As such, your disclosure of personal data to us is on the legal basis of our performance of our contract with you and our legitimate interest in so doing.
To respond to requests for information from regulated bodies or government agencies
Exceptionally we may be requested or required to disclose to (for example) the Financial Conduct Authority details about you and the services we provide. As such, our disclosure of your personal data to us is on the legal basis of our performance of our compliance with a legal obligation or our legitimate interest in so doing.

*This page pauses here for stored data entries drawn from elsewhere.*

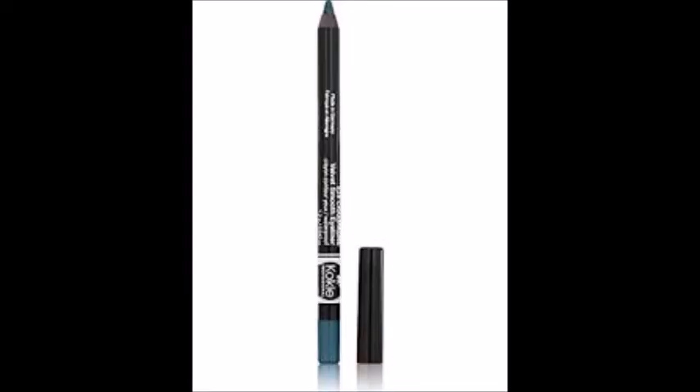One eyeliner was a Koki Cosmetics Velvet Smooth eyeliner in a really pretty green shade. But when I received it, there was no top — it had completely dried out and shrunk into the pencil. I contacted them, and they basically said if you have a problem you have to contact the shipping service, because 'we know we do everything right.' No, you didn't.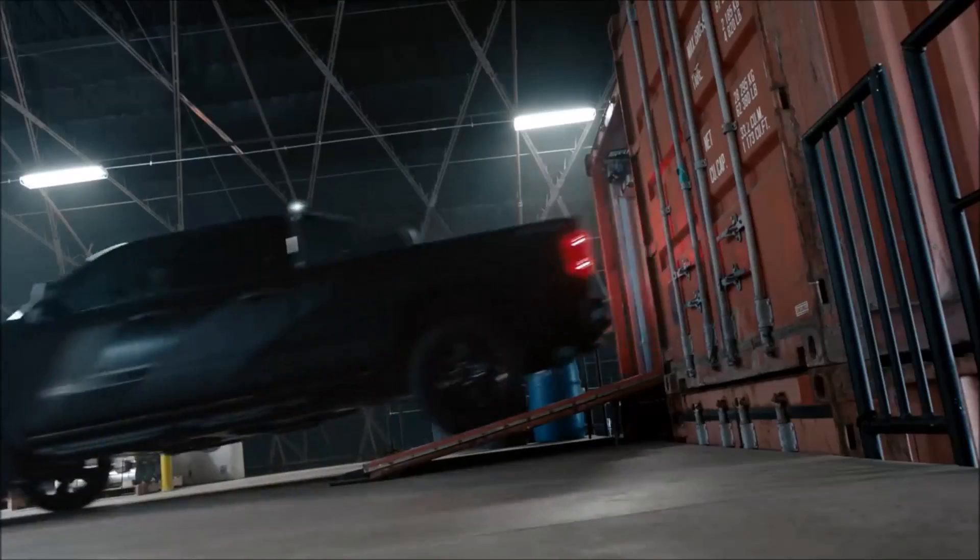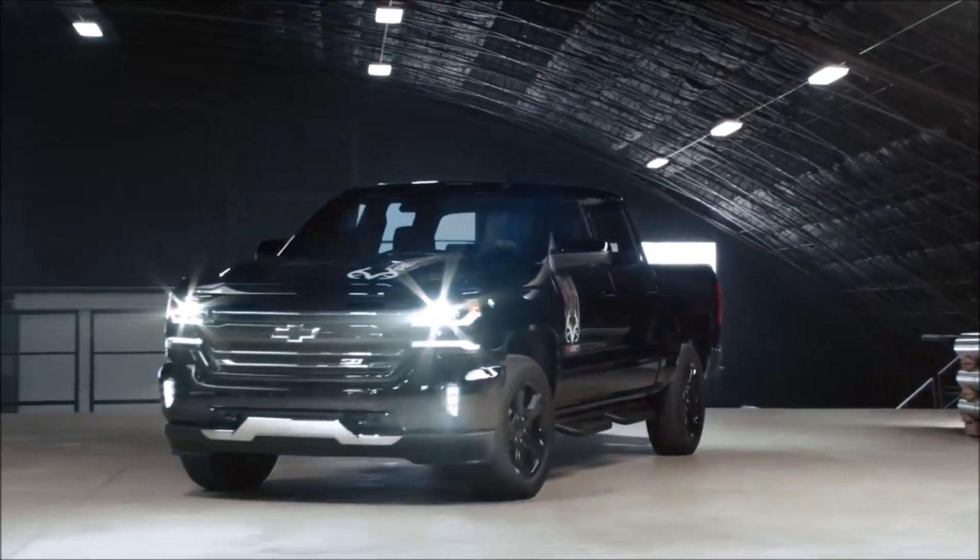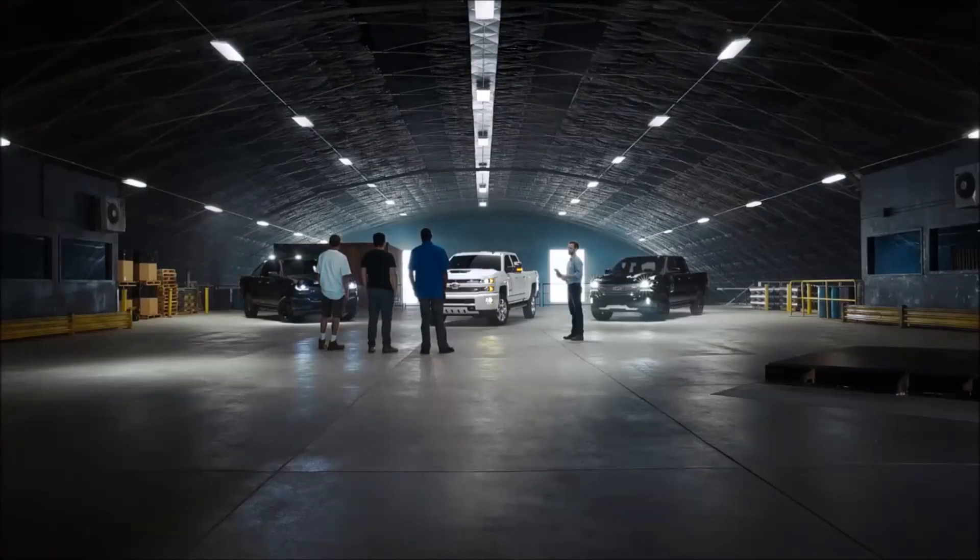Did I say there's only one Special Edition? I meant three. This is the Silverado Special Ops and the Realtree Edition. I love that. I love all three trucks.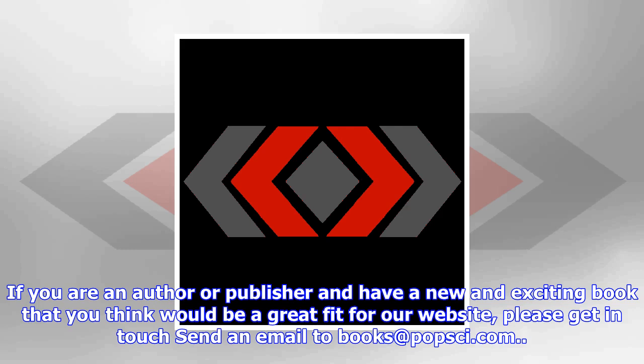Excerpted from Ask an Astronaut: My Guide to Life in Space by Tim Peake, October 2017, Little, Brown and Company. Published with permission. Popular Science is delighted to bring you selections from new and noteworthy science-related books. If you are an author or publisher and have a new and exciting book that you think would be a great fit for our website, please get in touch. Send an email to books at popsy.com.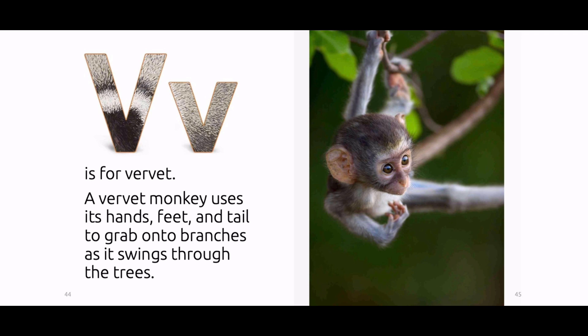V is for vervet. A vervet monkey uses its hands, feet, and tail to grab onto branches as it swings through the trees.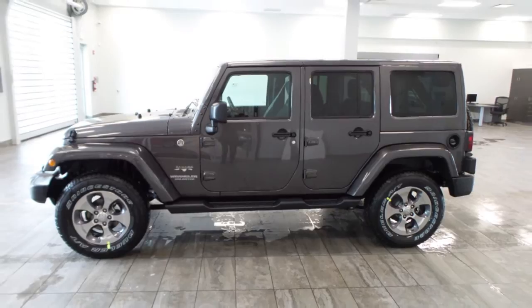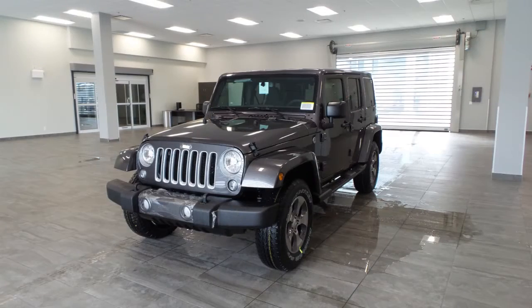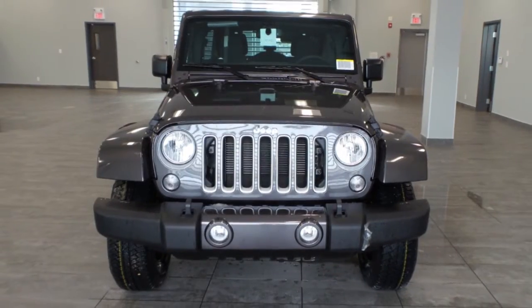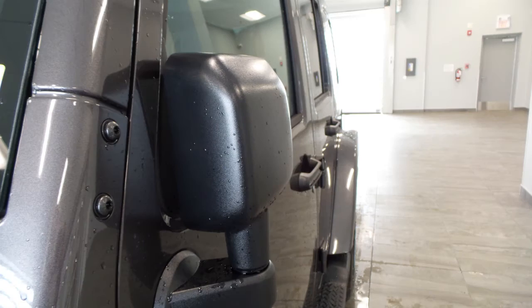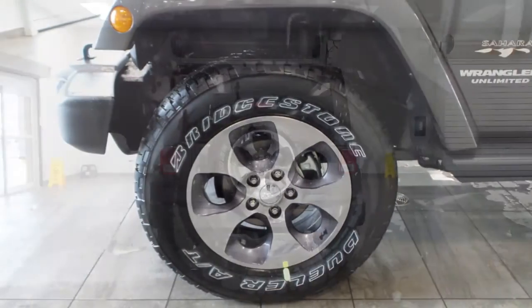Hi Tiffany, this 2016 Jeep Wrangler Unlimited Sahara comes equipped with a 3.6L engine and automatic transmission, power heat and manual folding side mirrors, 18 inch aluminum wheels and a great exterior.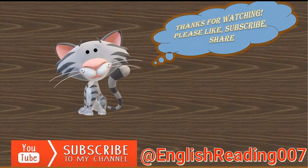Thanks for watching, please like and share this video. Also hit the subscribe button, ring the notification bell, and let's embark on a journey of knowledge together.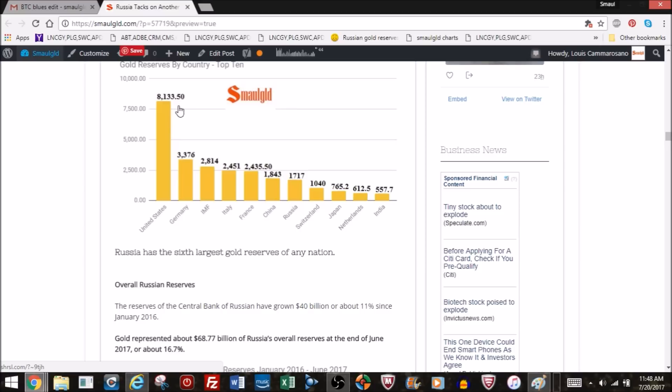The United States claims 8,133 tons but hasn't had a public audit since the 1950s. Germany loses about 1.5% of its gold every 10 years by selling some to make gold coins. The IMF gets gold from member countries. Italy and France haven't added gold in years. Switzerland sold off 60% of its gold over the past 15–20 years. Japan doesn't add any. Netherlands repatriates but doesn't add. India tries to dismiss gold. It's Russia and China that have been adding — though China, meaning the People's Bank of China, is not adding lately.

To keep you informed of any activities undertaken by us which we believe may be of interest to you
This use will include sending you email and postal marketing
5. Who we share your data with
Please note that we may on occasion be required to share your information with third parties who provide services on our behalf. For example, we use Sugar CRM to provide marketing automation services. We have taken steps to ensure that all such entities keep your data confidential and secure and only use it for the purposes that we have specified and have informed you of. Our service providers are subject to data processing agreements that are, or are in the process of being updated to become, compliant with the requirements set out in the GDPR.
In relation to any other third parties, we will only disclose your information in the following circumstances:
• where you have given your consent;
• where we are required to do so by law or enforceable request by a regulatory body;
• where it is necessary for the purpose of, or in connection with legal proceedings or in order to exercise or defend legal rights; and
• if we sell our company, go out of business, or merge with another company.
6. Retention Period
Any information we use for marketing purposes purposes will be kept with us until you notify us that you no longer wish to receive this information, unless we request your consent to store it for a longer period.
7. Your Rights in relation to your data
Under the GDPR, you will have the following rights in relation to how we process your data:
• Right to request access – you may obtain confirmation from us as to whether or not your data is being processed and, where that is the case, access to your data.
• Right to rectification and erasure – you have the right to obtain rectification of inaccurate personal data we hold concerning you and to obtain the erasure of your data without undue delay in certain circumstances.
• Right to restriction of processing or to object to processing – you may require us to restrict the processing we carry out on your data in certain circumstances or to object to us processing your data.
• Right to data portability – you have the right to receive your data in a structured, commonly used and machine-readable format.
• Right to withdraw consent – where you have provided your consent to us processing your data, you have the right to withdraw your consent at any time. This can be done by contacting us at the above address at any time or by clicking the “unsubscribe” link on any marketing communications you receive from us.
• Right to lodge a complaint – you may lodge a complaint with the Information Commissioner’s Office.
8. Additional Information
There is no statutory or contractual requirement for you to provide your data to us and you are not obliged to do so. Please note, however, that we may not be able to provide you with the services you have requested if you do not provide your contact details.
We do not undertake automated decision-making or profiling on your data.